The lines you return must be all those in the data that hold the string "city".

Input
_ _ _ _ _

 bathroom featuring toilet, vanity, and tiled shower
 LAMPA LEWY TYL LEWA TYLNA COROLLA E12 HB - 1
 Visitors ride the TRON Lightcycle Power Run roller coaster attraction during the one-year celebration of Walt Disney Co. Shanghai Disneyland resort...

_ _ _ _ _

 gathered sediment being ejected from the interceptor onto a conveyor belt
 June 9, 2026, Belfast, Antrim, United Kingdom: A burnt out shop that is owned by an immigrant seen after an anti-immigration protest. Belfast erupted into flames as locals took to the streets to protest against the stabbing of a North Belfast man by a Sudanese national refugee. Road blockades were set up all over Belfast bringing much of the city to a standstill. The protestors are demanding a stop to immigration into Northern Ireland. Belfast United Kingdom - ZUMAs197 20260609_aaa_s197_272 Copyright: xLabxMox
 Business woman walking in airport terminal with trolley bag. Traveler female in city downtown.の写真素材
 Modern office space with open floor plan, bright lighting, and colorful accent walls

_ _ _ _ _

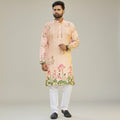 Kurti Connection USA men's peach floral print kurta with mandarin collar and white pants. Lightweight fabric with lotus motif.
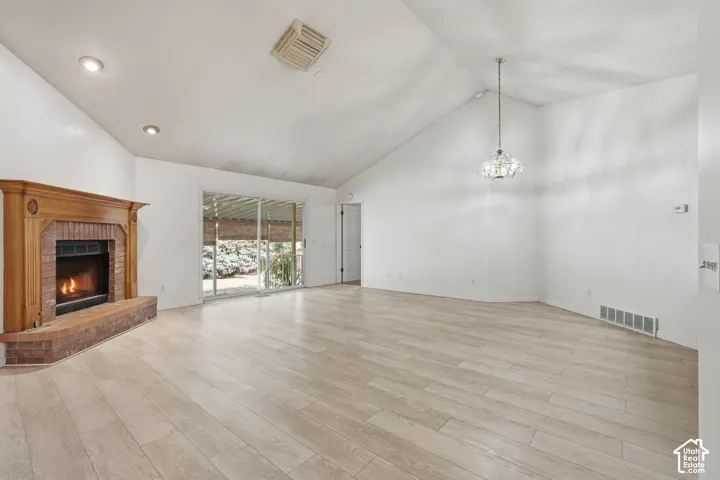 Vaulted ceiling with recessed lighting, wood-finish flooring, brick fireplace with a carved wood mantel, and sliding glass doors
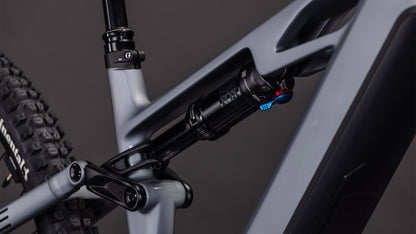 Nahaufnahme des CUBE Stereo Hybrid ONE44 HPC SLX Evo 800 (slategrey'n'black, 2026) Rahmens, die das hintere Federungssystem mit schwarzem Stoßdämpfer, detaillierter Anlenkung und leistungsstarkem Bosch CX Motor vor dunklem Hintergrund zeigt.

_ _ _ _ _

Written solution
 June 9, 2026, Belfast, Antrim, United Kingdom: A burnt out shop that is owned by an immigrant seen after an anti-immigration protest. Belfast erupted into flames as locals took to the streets to protest against the stabbing of a North Belfast man by a Sudanese national refugee. Road blockades were set up all over Belfast bringing much of the city to a standstill. The protestors are demanding a stop to immigration into Northern Ireland. Belfast United Kingdom - ZUMAs197 20260609_aaa_s197_272 Copyright: xLabxMox
 Business woman walking in airport terminal with trolley bag. Traveler female in city downtown.の写真素材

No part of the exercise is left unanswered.